**Assignment**: Given these entries, repeat exactly the lines starting with the one that has "OYO 9581 Hotel Milan Inn" and going on through the one that has "Talerz ceramiczny Sarnodzieło", both included, but none of the pictures.

**Material supplied**:
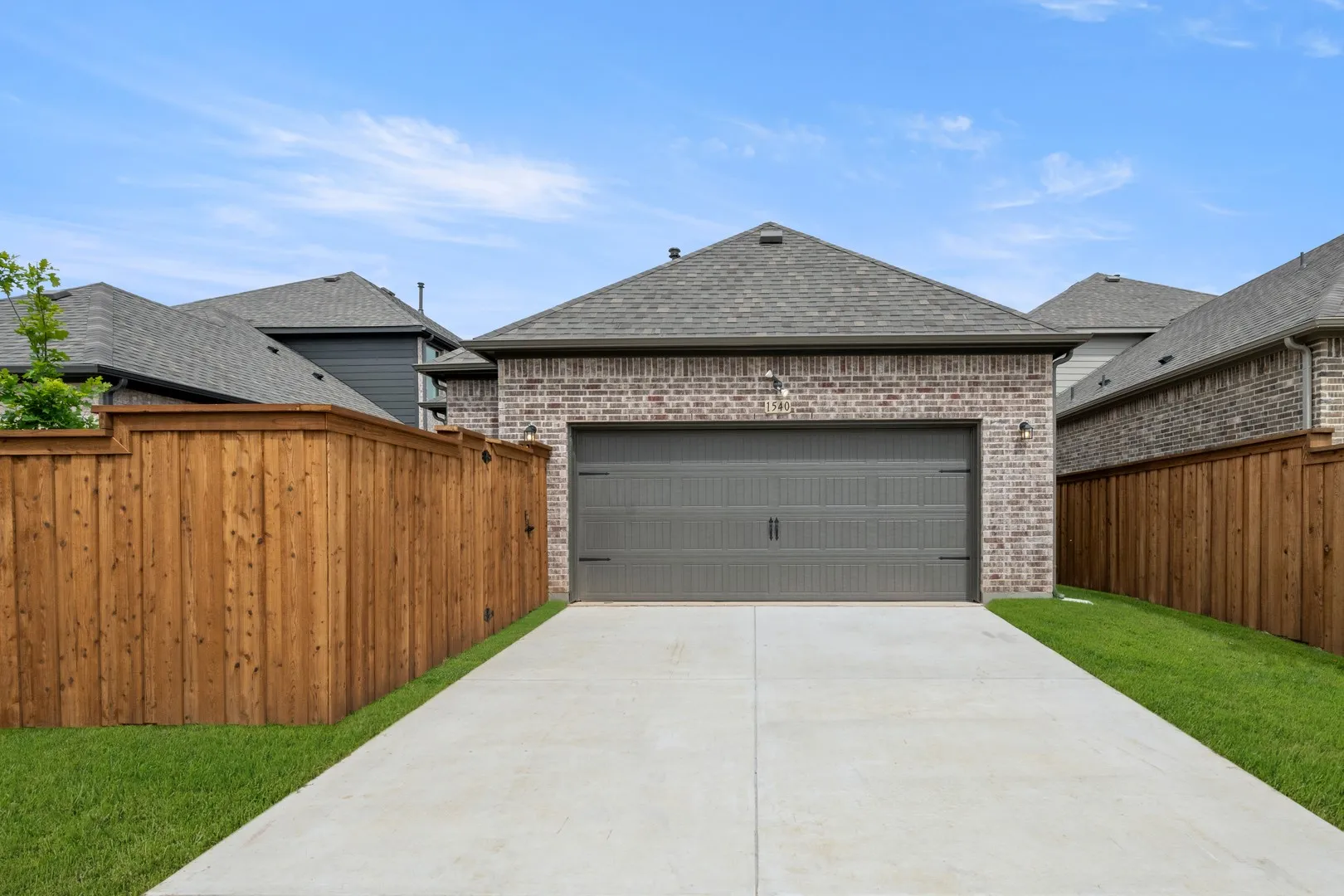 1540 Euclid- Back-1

--

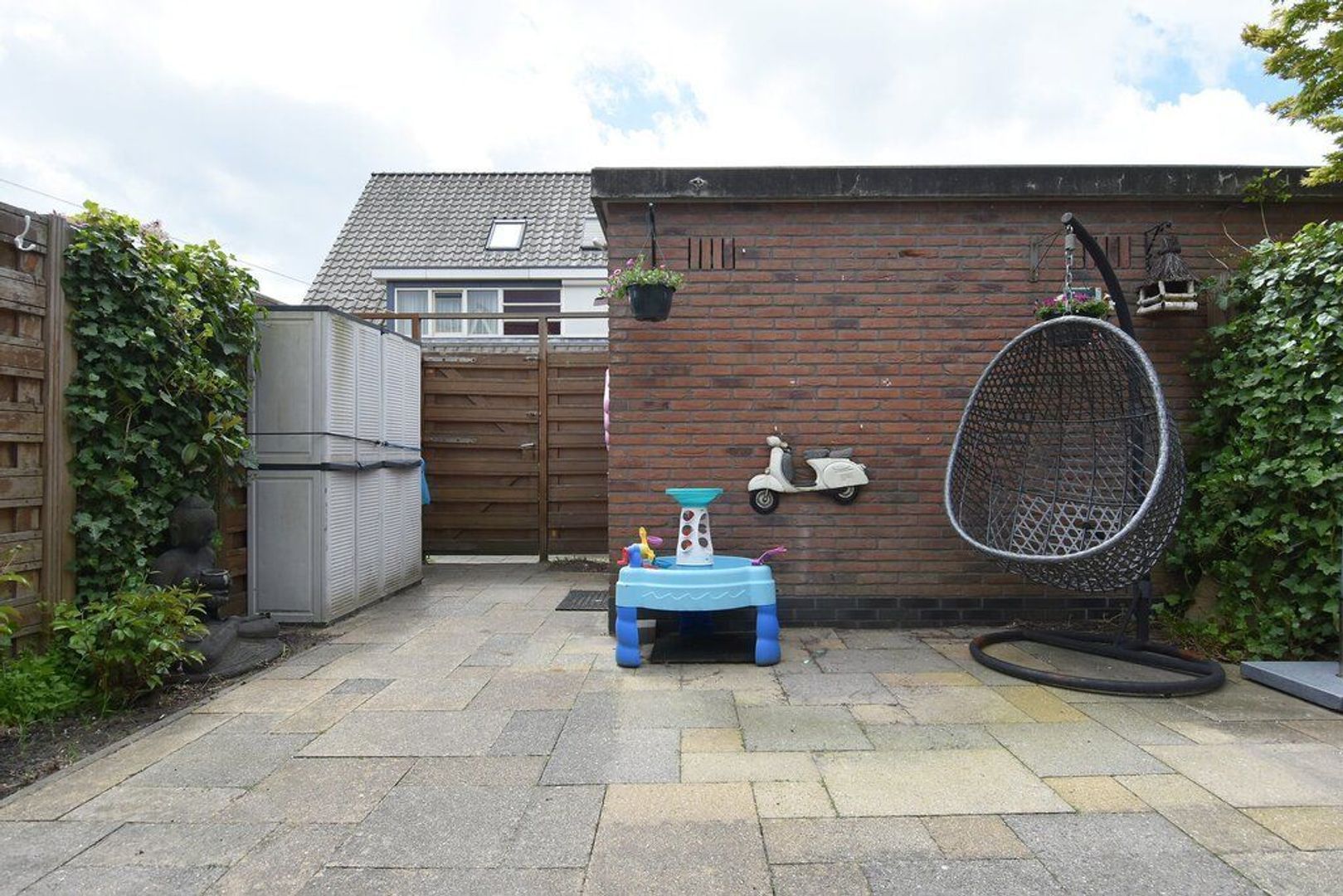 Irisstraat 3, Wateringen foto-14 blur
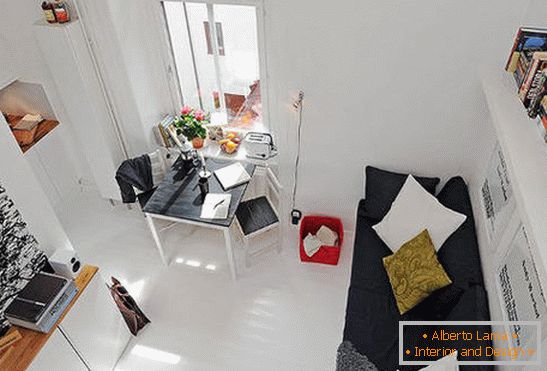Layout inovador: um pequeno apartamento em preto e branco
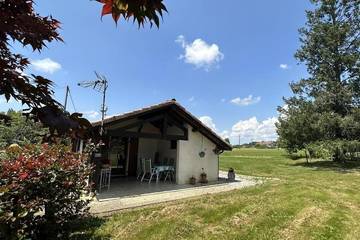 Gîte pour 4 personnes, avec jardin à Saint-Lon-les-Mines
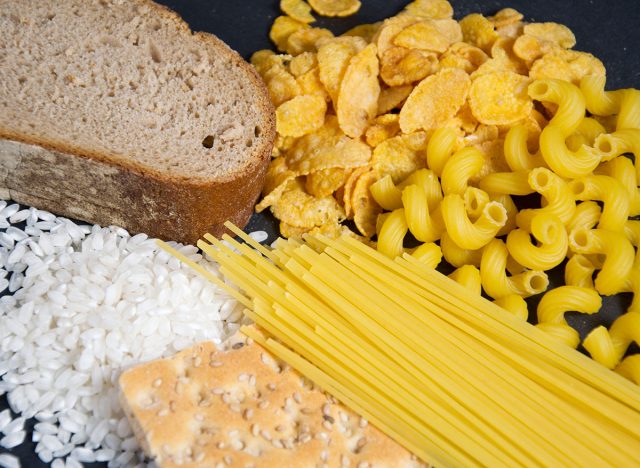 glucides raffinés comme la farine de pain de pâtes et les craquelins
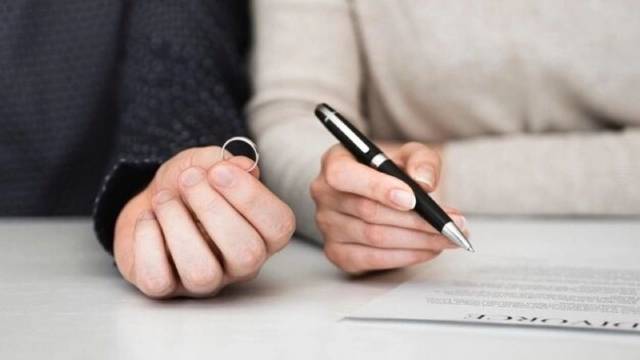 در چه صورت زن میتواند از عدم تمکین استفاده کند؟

...

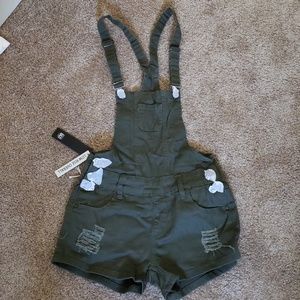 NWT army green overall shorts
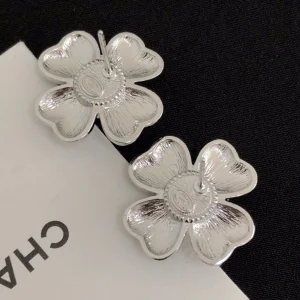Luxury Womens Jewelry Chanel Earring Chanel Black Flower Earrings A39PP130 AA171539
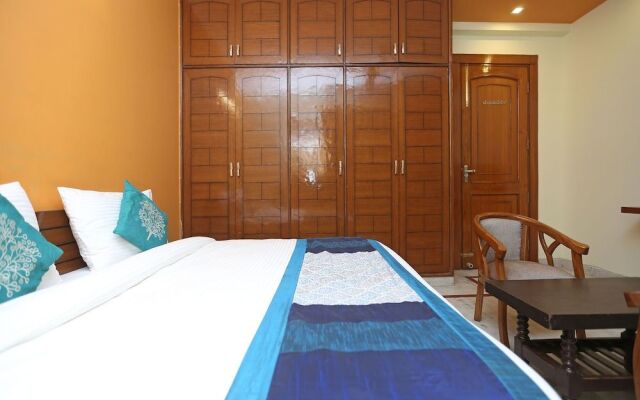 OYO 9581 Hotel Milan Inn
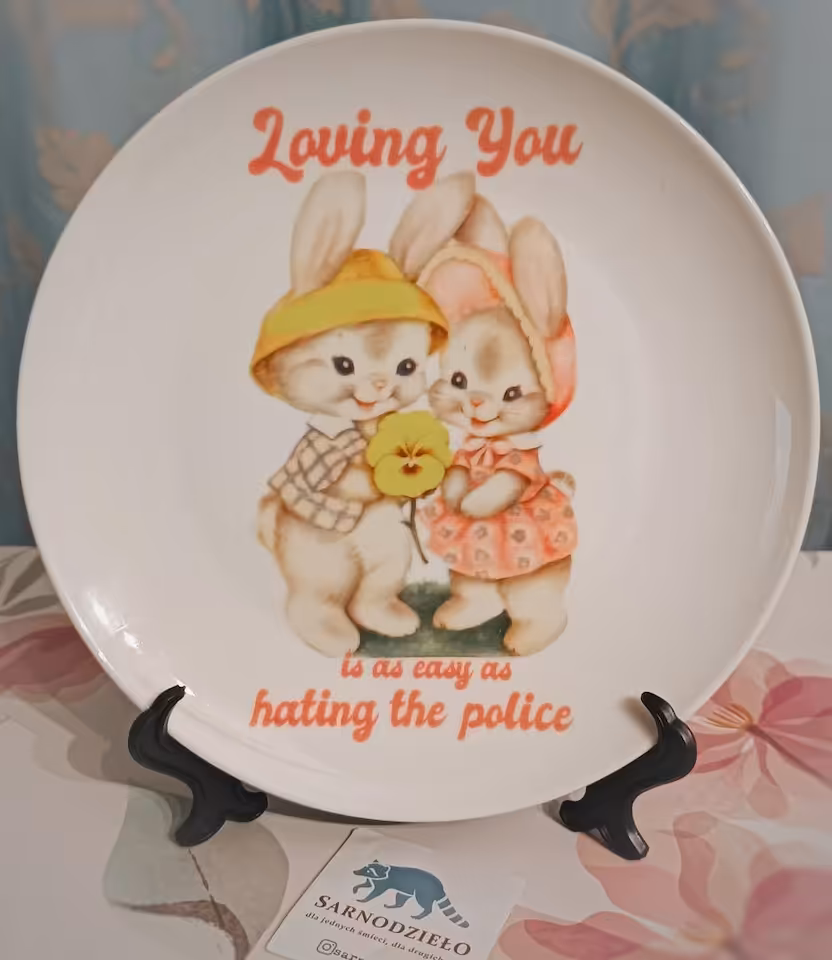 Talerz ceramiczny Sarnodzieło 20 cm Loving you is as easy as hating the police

**Answer box**:
 OYO 9581 Hotel Milan Inn
 Talerz ceramiczny Sarnodzieło 20 cm Loving you is as easy as hating the police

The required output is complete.